Я кивнул. Было девять вечера — еще и не стемнело по-настоящему.
У общежития мы расстались.
19
Дверь открыла Катя. Обольстительно улыбнувшись, пропела:
— Маман решила, что вы пошли по полной программе, и потому сидит на работе. Позвонить?
Я поцеловал ее в щеку и попросил найти чего-нибудь покрепче — виски, например. А сам заперся в ванной и принял душ. Вообразил на минутку, как люди выше и ниже меня с таким же облегчением подставляют разгоряченные лица под режущие струи ледяной воды в предвкушении горячего чая либо стакана виски, и впервые испытал любовь ко всем делающим в эту минуту, что и я.
Босиком, в одних спортивных штанах, этаким отюрбаненным турком я ввалился в гостиную, принял из рук красавицы гурии стакан пойла со льдом и выпил его одним махом, а лед схрупал, как лошадь пожирает сахар — звучно и смачно. Поэтому вторую дозу Катя налила мне безо льда.
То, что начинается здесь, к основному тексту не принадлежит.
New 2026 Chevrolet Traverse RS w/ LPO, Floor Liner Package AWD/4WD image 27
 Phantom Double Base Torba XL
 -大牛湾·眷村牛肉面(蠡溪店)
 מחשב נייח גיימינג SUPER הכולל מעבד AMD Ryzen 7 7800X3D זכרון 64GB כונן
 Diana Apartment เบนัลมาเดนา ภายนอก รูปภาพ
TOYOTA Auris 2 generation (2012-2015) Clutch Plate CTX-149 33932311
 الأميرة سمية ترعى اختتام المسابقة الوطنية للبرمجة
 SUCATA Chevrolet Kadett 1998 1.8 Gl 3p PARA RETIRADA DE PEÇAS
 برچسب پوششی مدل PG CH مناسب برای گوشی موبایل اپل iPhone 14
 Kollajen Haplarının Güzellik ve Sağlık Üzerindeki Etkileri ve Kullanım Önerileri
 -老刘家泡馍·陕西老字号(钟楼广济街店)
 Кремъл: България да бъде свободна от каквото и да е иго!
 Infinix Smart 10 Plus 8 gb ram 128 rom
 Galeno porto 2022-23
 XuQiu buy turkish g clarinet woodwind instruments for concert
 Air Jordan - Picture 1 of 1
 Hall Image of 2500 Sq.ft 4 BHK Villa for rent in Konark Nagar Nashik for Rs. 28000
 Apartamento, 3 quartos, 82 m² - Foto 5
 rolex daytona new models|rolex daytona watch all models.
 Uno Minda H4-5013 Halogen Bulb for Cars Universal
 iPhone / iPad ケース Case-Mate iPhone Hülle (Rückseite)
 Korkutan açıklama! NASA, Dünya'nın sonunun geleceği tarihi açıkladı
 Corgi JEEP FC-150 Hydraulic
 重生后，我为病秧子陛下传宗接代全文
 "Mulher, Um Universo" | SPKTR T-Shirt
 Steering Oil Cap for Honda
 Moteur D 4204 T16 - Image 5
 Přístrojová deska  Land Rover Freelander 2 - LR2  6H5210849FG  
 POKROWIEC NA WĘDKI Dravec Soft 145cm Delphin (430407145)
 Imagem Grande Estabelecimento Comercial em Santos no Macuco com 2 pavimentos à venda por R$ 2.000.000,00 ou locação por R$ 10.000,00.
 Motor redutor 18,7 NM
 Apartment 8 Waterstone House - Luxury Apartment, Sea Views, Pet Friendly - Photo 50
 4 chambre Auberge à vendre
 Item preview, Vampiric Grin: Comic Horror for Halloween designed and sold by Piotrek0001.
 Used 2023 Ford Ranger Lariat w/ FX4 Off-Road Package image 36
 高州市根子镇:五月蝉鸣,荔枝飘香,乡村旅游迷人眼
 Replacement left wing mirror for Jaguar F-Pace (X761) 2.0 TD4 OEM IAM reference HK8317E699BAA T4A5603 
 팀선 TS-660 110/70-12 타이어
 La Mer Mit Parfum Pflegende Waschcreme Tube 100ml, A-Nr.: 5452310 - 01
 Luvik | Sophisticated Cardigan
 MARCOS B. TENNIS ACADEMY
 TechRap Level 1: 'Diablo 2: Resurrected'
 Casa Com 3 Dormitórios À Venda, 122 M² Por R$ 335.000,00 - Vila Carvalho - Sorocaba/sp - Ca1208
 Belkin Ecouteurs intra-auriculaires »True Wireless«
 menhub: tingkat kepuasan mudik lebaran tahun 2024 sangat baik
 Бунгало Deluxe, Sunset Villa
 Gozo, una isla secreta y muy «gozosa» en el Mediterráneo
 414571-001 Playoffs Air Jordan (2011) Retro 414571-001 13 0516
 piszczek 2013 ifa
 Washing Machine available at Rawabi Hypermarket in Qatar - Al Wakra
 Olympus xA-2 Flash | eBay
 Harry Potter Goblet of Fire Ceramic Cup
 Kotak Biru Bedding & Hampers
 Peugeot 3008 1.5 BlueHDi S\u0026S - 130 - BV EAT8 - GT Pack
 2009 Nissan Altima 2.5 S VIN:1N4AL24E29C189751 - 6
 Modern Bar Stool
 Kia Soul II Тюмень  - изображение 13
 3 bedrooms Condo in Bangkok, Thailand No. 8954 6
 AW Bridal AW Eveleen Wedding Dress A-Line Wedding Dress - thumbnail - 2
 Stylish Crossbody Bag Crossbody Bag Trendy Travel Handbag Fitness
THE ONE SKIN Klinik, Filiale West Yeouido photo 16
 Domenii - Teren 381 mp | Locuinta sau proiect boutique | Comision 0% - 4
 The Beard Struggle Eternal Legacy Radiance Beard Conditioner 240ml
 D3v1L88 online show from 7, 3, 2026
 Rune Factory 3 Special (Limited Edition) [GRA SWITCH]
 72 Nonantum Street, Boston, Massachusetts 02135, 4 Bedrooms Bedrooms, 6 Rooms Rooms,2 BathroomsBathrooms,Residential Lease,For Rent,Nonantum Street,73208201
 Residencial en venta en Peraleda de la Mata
Себе — коньяку в чай. С тех пор, как она переехала к нам, Катя подуспокоилась, движениям ее вернулась хореографическая плавность и цирковая законченность, а взгляды ее, которые она бросала то на меня, то на мать, были снисходительно-благостными. Ее бракоразводный процесс шел полным ходом, она выигрывала имущественные споры пункт за пунктом — причем этому способствовал тесть, презиравший сына и любивший невестку, — и она вновь почувствовала вкус к жизни, к игре в полунамеки, кокетству и гаданию по картам, ахам, вздохам, томному взгляду и полураскрытому ардисовскому Набокову на превосходных коленях, которые я с удовольствием изображал карандашом в разных ракурсах, попутно рассказывая ей о целых коллекциях непристойностей, оставшихся после великих мастеров — например, после Энгра, — которые лишь изредка выставляются для избранной публики...
Что я искал в старых фотоальбомах, которые Катя грудой вывалила передо мной на пол? Ведь не лица же заочно знакомых людей, частью знакомых по рассказу Муравьеда, частью — по рассказам Веры. То, что мне нужно было, оказалось во втором же альбоме, и больше меня уже ничего не интересовало.
— Это что? — спросил я, тыча пальцем в воротник плаща Макса с вышитым на нем якорьком. — Форма одежды?
— Ну что ты! — Катя сидела в опасной близости от меня, раскачивая едва державшейся на кончике пальца туфлей. — Мамина работа. Ему нравилось.
Все, что было непонятно, вдруг стало понятно.